=== Task details ===
Word for word, please copy the listing below, with its pictures left out.

=== Supplied information ===
-=-=-

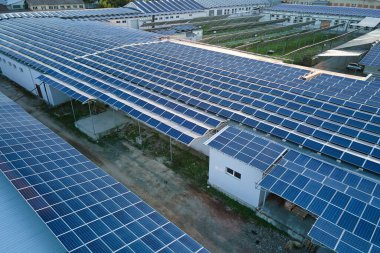 Sanayi binasının çatısına yeşil ekolojik elektrik üretmek için monte edilmiş mavi fotovoltaik panelli güneş enerjisi santralinin hava görüntüsü. Sürdürülebilir enerji konsepti üretimi.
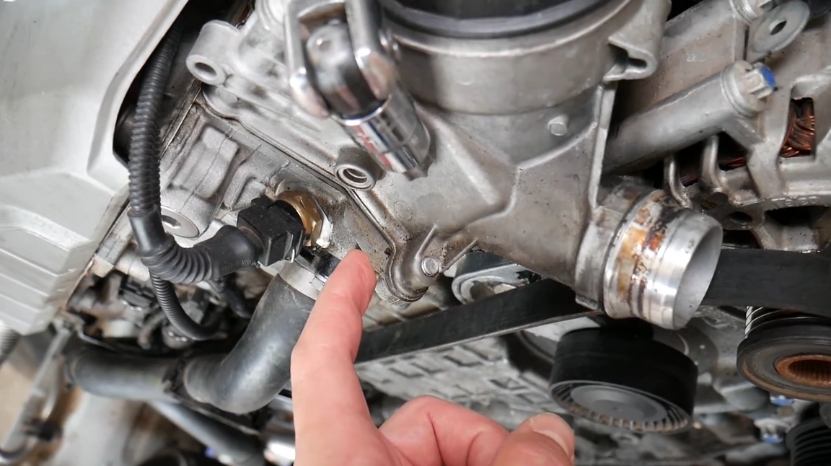 Mechanic points to a common oil leak area on the E63 BMW 6 Series engine near the gasket and belt components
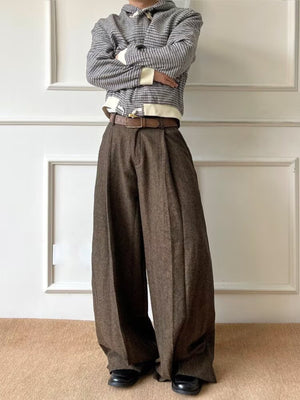 Men's brown wide-leg pleated trousers with a textured fabric and a brown belt.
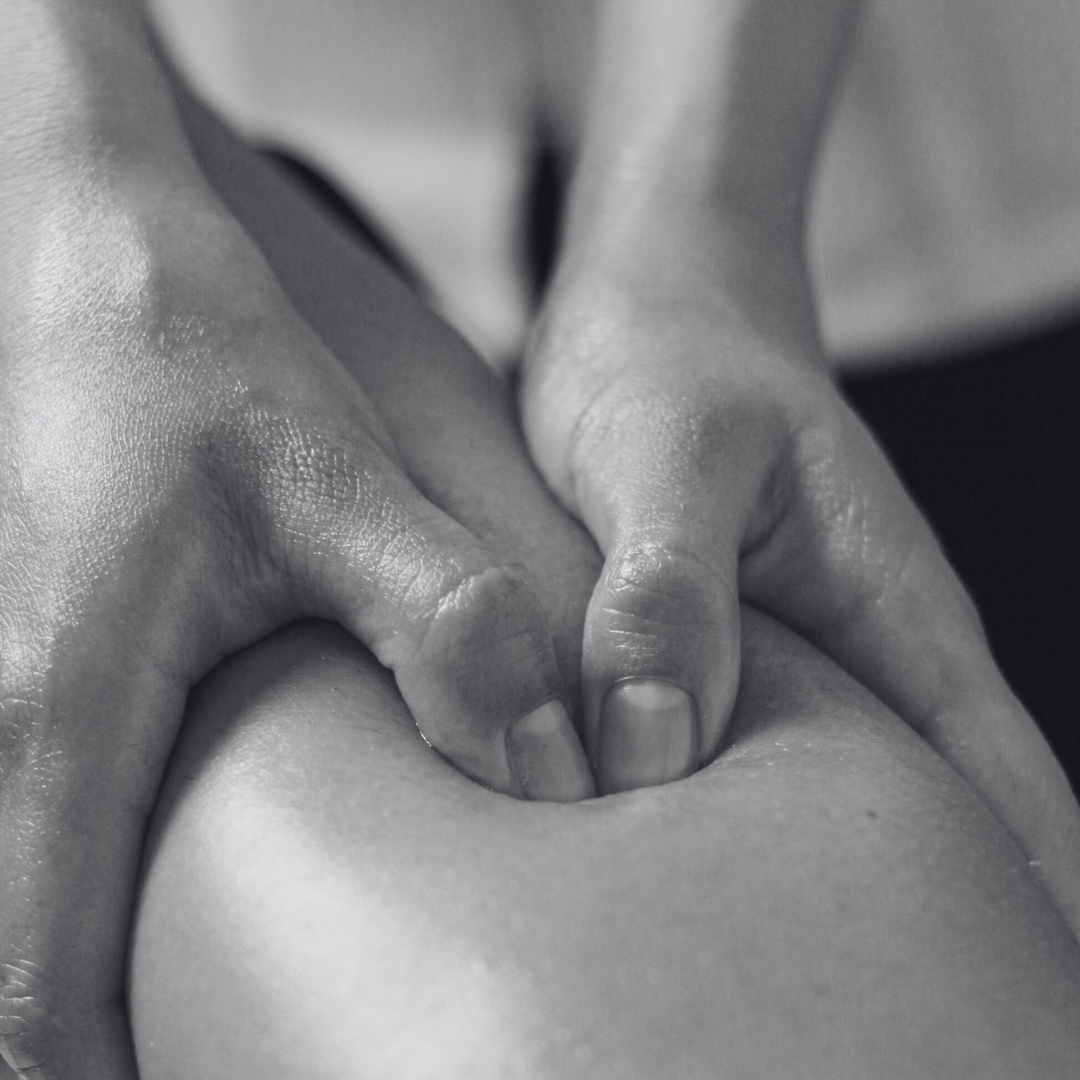 Close-up of a massage therapist's hands applying pressure on a person's back.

-=-=-

=== Written response ===
 Sanayi binasının çatısına yeşil ekolojik elektrik üretmek için monte edilmiş mavi fotovoltaik panelli güneş enerjisi santralinin hava görüntüsü. Sürdürülebilir enerji konsepti üretimi.
 Mechanic points to a common oil leak area on the E63 BMW 6 Series engine near the gasket and belt components
 Men's brown wide-leg pleated trousers with a textured fabric and a brown belt.
 Close-up of a massage therapist's hands applying pressure on a person's back.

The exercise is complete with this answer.